• **WHAT YOU WILL DO**
In the records below, find the lines that include the string "image" and report how many there are, nothing else.

(Extracted data entries)
((
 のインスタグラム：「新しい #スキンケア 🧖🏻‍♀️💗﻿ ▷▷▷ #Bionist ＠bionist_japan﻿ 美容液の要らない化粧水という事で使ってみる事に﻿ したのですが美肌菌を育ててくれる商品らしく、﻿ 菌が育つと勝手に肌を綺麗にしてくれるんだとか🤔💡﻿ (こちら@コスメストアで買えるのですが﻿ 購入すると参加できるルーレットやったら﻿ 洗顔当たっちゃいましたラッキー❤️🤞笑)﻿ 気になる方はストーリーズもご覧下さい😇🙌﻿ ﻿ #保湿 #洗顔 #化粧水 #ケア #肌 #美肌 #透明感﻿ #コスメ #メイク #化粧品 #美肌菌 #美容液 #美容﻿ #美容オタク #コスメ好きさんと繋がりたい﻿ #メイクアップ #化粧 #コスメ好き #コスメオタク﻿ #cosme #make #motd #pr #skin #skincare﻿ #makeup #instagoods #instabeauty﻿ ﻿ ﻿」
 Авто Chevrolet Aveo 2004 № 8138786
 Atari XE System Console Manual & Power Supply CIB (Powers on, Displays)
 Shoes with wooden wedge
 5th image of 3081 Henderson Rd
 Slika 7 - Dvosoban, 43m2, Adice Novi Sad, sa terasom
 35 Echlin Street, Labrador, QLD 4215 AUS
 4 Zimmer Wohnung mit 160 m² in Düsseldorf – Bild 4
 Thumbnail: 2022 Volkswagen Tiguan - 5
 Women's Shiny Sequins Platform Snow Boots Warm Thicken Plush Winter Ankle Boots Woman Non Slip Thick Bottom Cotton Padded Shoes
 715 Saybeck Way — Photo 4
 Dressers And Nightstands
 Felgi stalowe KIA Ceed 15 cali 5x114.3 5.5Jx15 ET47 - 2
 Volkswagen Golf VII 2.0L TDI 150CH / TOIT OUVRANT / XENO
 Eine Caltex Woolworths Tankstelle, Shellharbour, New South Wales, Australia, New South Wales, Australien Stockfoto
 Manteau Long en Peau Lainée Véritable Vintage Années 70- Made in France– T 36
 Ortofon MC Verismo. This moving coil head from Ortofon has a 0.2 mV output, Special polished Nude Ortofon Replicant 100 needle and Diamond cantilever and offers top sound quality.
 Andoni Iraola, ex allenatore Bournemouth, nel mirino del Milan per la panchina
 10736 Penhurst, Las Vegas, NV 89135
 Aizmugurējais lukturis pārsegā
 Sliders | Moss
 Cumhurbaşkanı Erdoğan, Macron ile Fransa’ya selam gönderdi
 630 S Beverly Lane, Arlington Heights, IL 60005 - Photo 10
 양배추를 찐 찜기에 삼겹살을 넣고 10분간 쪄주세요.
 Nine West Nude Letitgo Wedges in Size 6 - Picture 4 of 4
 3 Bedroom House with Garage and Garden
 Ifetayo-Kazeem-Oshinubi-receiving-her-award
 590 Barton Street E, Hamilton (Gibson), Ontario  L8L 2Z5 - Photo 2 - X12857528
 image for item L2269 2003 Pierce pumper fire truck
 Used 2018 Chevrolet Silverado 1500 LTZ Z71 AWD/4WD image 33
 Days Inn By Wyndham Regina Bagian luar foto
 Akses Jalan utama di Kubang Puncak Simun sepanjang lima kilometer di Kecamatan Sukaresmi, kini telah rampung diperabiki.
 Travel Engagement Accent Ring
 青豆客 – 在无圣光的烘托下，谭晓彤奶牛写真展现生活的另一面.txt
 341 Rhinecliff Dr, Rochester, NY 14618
))
• **TASK RESPONSE**
3